Did I need another mic? Maybe an NT1? Or a ribbon mic might get me that sound I’m chasing? Or do that trick where you boil an SM57 to turn it into a SM7B? All I could think about was how so many of the great songs I love, throughout history, were recorded on garbage equipment.

So I started thinking about what I was hearing that I actually wanted to get rid of, in the first place. Why did my stuff sound different? What characteristic was it that I found so grating in my recordings that I needed to fix?

I finally determined that my issue was certain problem frequencies (a combination of the room, the mic and my voice). And me just moving around too much when I sing.

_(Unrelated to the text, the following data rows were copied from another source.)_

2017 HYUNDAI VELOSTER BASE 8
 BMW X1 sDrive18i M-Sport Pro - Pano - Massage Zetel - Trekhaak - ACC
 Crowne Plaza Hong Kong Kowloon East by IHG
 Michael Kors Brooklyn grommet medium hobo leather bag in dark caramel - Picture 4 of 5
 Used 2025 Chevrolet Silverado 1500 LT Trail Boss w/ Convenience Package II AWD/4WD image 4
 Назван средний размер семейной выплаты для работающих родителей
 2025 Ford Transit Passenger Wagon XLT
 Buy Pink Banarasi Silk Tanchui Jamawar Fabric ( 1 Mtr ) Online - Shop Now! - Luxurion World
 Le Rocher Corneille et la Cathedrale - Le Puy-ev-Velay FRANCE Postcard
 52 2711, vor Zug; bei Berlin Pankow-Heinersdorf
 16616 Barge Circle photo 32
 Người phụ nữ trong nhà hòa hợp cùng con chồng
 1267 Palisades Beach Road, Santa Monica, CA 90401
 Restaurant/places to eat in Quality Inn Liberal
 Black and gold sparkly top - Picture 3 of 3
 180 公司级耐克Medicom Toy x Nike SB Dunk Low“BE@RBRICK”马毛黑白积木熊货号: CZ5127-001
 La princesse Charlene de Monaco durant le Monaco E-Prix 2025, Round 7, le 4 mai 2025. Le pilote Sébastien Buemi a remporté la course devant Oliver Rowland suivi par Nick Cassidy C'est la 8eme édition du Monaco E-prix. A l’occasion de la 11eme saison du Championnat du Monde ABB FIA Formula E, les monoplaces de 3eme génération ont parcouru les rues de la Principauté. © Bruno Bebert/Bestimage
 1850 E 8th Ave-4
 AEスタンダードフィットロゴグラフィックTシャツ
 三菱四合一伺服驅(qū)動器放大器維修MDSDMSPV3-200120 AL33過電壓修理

The first I could address with more careful EQing (I found listening at low volumes helps). The second I could work on with compression, more practice with the mic (not just practicing singing out loud but singing into a mic), and wrapping my mic stand and music stand in foam because I’m incapable of not handling the mic stand no matter how hard I try.

Long story short…ish… after messing around with some plugins and pedals—all stuff I already had lying around my studio or in my DAW—I found that I could get a pretty good recording from that SM57 if I shelved off some low end and put some light compression as an insert on the way in (i.e. before the ADAT), and then do a bit more polishing while mixing by sending it back through the comp & EQ (this time comp before EQ). Sometimes it takes me a few passes through the EQ, but it’s all treatable.

The specific order might be better swapped around for your room, or voice, or even a certain song or music style. But my point is that with some tweaking, I ended up liking the sound of the SM57 better than a lot of other (pricier) mics I tried. And all I ended up having to use were the same EQ and comps I already use for my instruments.

This is yet another reason why a patchbay is the best gear you can buy—it makes all that tweaking and swapping and listening relatively quick and painless—even kind of fun.

I’ve figured out a “tracking patch” and a “mixing patch” that I can move between pretty easily that uses the same gear. Without the patchbay, it would all be a nightmare.